I live in a rather small house--definitely too small to be running three
businesses from. But given technology that exists RIGHT NOW, everything in the
Library of Congress would fit into my house. Everything in the Salt Lake City
Library and the Salt Lake County Library and the University of Utah libraries
would fit into one bookcase in my office.
There are books that, for very good reason, I own in both silicon and dead
tree formats. But when my grandchildren are the age I am now, they will think
that having all those dead tree books around is a stupid, space-wasting, fire
hazard.
So what I'm getting at is this: We can't possibly guess the future of
ebooks. It's bigger than any of us think it is. Even the best science fiction
writers never guessed how we would use computers, and we're still on the edge of
that, also. It is really absurd to worry about errors made ten years, even five
years, ago. Resolve not to make those mistakes again, but go forward, not back.

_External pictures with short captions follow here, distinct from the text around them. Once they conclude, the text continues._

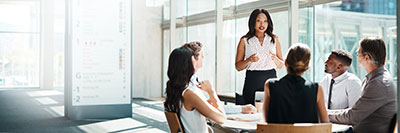 Businesswoman standing and speaking to a small group.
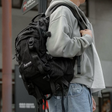 Black Supreme Box Logo backpack with front pocket and adjustable straps, featuring the iconic Supreme logo on the front.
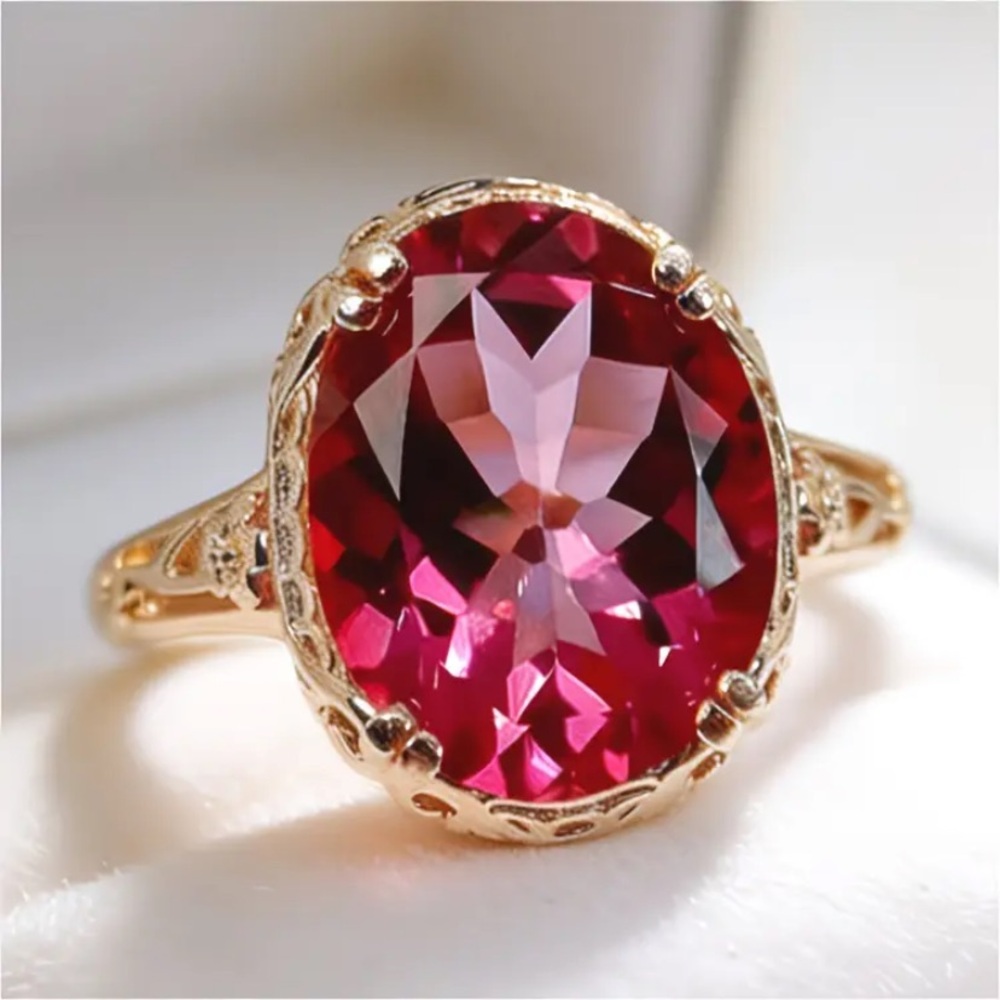 Vintage-Style Gold Tone Ring with Deep Pink Oval Stone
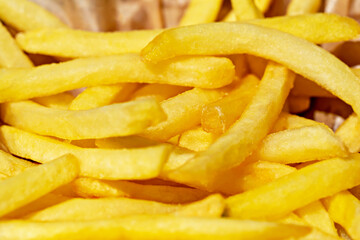 Fresh tasty fried french fries in paper bag close up. Selective focus, defocus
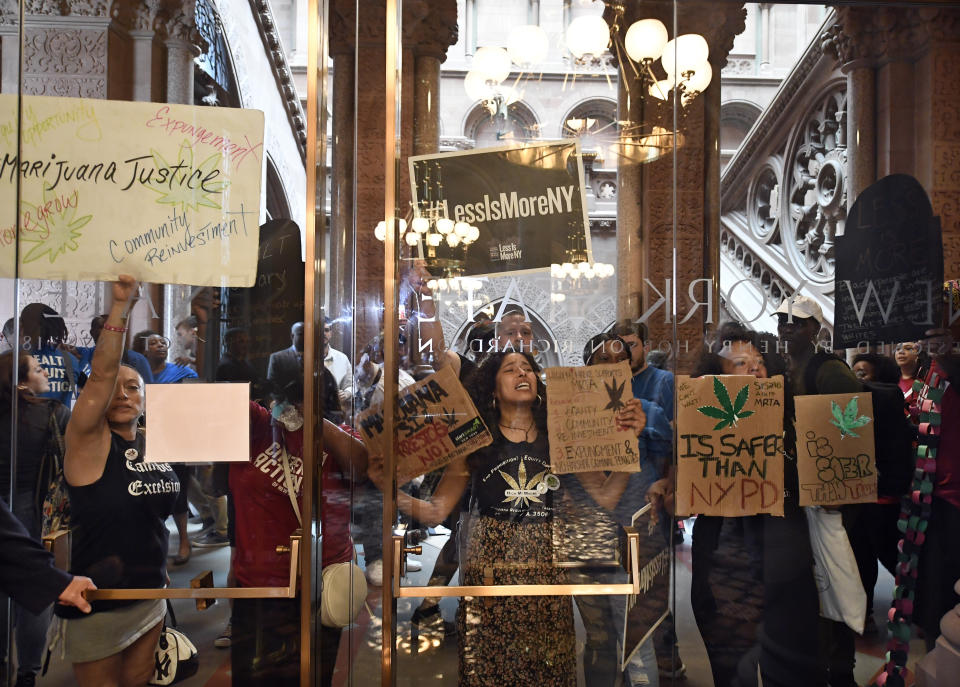 Protesters urging legislators to pass Marijuana legislation holds a signs against the senate lobby doors at the state Capitol Wednesday, June 19, 2019, in Albany, N.Y. (AP Photo/Hans Pennink)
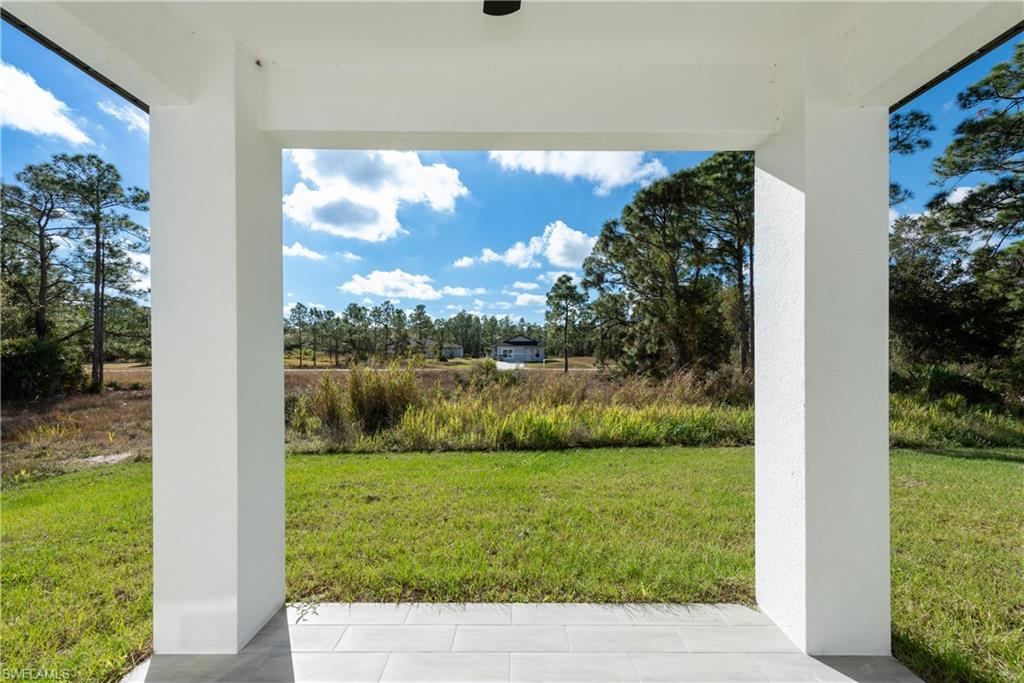 View of green lawn with a patio area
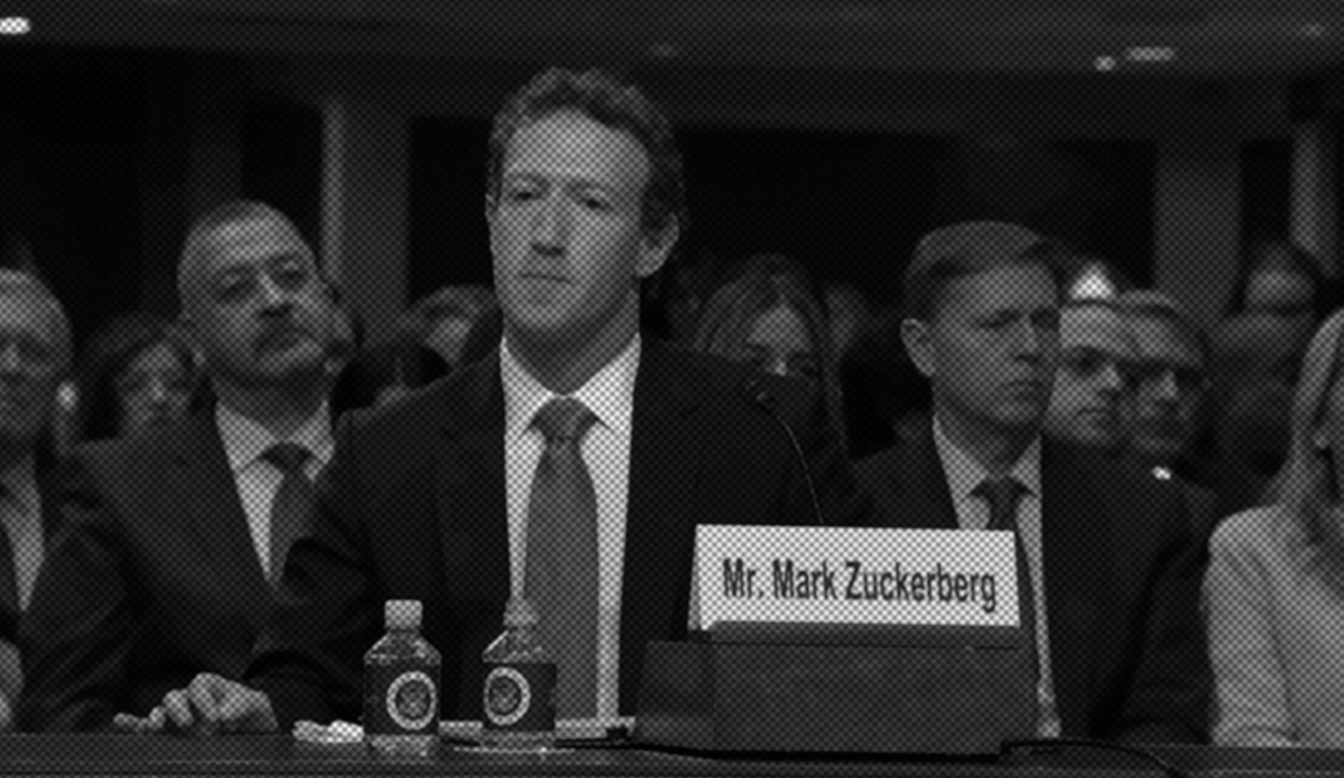 A desk lamp designed by Edouard Wilfrid Buquet in 1925. It features a double-arm design and is made from nickel-plated brass, aluminium and varnished wood.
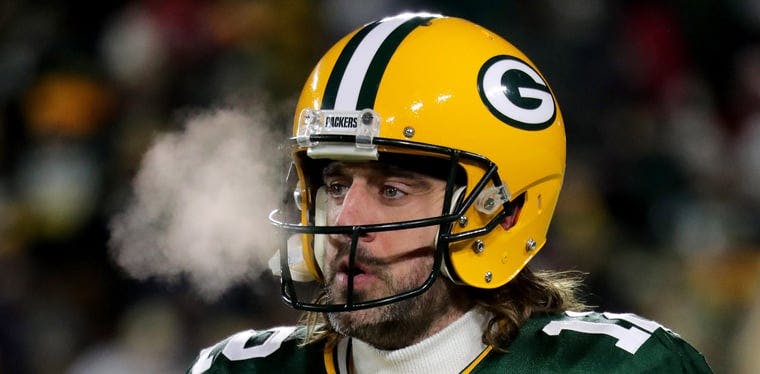 Aaron Rodgers takes a look at the field in Green Bay during a 2022 NFL Playoff contest.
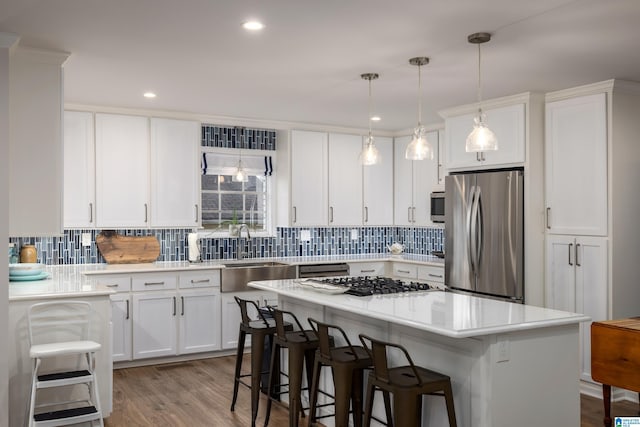 kitchen with a breakfast bar, a sink, stainless steel appliances, light countertops, and white cabinetry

Don't try to figure out who made the mistakes. That doesn't matter. Go forward,
not back. The first telegraph message, on 24 May, 1844, said, "What hath God
wrought?" Now, 160 years later, we gripe if television from Mars or
Ganymede is a little fuzzy. I don't want to offend the atheists on this ML,
but--God is still wrighting. We're part of that process. I won't live to see
PG's 60th birthday, but some of you will. What, by then, will God have wrought,
using our hands to do the work? But we'll never get it done if we spend all our
time squabbling about what somebody should have done five or ten or fifteen
years ago. Go forward, not back.
My husband has instructed me not to get into any more flame wars because
they upset me too much. So I'm going back into watching status, where I spend
most of my time anyway. But, good people--and you are good people, all of you,
because you wouldn't be pouring your heart and mind and time into this work if
you weren't--stop looking behind you. The action is in front of you.